-- The data follows --
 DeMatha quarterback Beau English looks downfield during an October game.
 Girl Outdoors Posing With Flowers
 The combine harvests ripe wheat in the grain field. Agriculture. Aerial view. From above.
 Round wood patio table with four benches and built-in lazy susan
-- The data concluded --
* [What you will do] Repeat the whole listing, keeping every word exactly as it is.

* [Solution to the exercise]
 DeMatha quarterback Beau English looks downfield during an October game.
 Girl Outdoors Posing With Flowers
 The combine harvests ripe wheat in the grain field. Agriculture. Aerial view. From above.
 Round wood patio table with four benches and built-in lazy susan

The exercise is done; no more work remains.